Burks and Corn’s relationship continued long after Cooper was discharged, with Corn providing clubs to Cooper upon being released from the hospital. He also provided ongoing support, swing tips, coach recommendations, and more. Burks’ love of the game has continued to grow stronger – even through more surgeries – and he consistently gets out to the University of Georgia Golf Course. If he feels up to playing, he plays. If he wants to just hit balls on the range with his brothers or his frequent playing partner Jacob Peterson, so be it.

“I first met Cooper when he was 8 years old and an inpatient at Ranken Jordan Pediatric Bridge Hospital. From the first time he put a golf club in his hands, he was hooked on the game, and we quickly developed a special bond through a mutual love of sports. It was obvious to me what incredible strength and determination Cooper had! He attacked learning to play golf with a passion I had rarely seen,” Corn said.


“Over the next several years I watched Coop grow, heal, endure more surgeries, and heal some more — all with a big smile on his face and while swinging a golf club. He is one of the strongest people I have ever met and I am proud to say he is my friend and a hero of mine.”

Cooper and Kevin Corn, PGA at Cooper’s first 18-hole round of golf.

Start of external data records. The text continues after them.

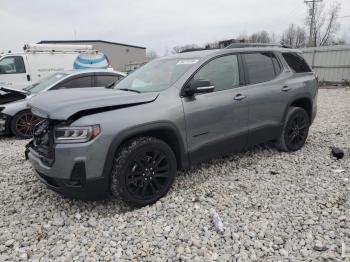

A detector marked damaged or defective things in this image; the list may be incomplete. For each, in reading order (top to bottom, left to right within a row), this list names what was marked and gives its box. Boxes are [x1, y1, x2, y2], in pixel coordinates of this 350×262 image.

wrecked vehicle [0, 69, 125, 139]
cracked headlight [53, 125, 100, 143]
wrecked vehicle [26, 44, 318, 205] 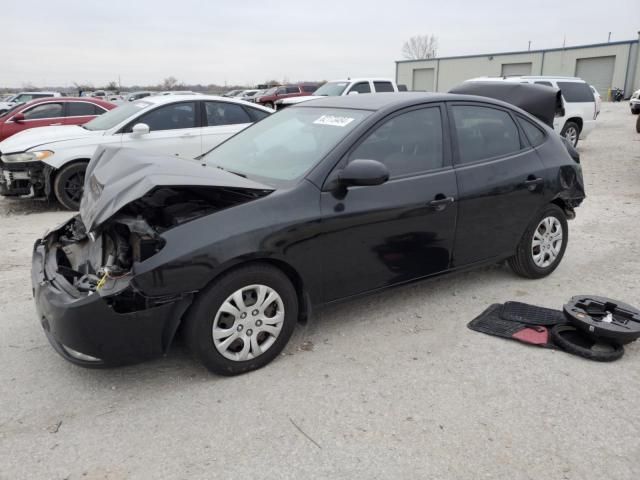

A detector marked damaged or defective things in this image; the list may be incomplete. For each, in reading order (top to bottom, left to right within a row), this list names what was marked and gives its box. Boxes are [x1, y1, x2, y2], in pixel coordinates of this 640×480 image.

crumpled hood [0, 124, 101, 153]
damaged bumper [31, 218, 192, 368]
front-end collision damage [33, 146, 272, 364]
crumpled hood [79, 145, 272, 232]
wrecked vehicle [33, 93, 584, 376]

Next up is hopefully a spot on his high school golf team next year, something Burks never thought he’d possibly be able to do.

“It means a lot to me,” Burks says, “because I never thought I would be able to be on a team with other people where they can play golf like I can but [they] just have more mobility in their legs to be able to do it.”

Cooper, age 16, playing the game he loves at Pine Hills Golf Club in Winder, Georgia

And what are his golf hopes and dreams beyond high school? Without hesitation Burks said, “probably to play in a PGA Tour tournament one day….any event that I can do, I would be down to do it.”

So what does golf mean to Cooper Burks?

“Golf is the sport that I love to play that I’ve known to play since I was little, in the hospital with Kevin.”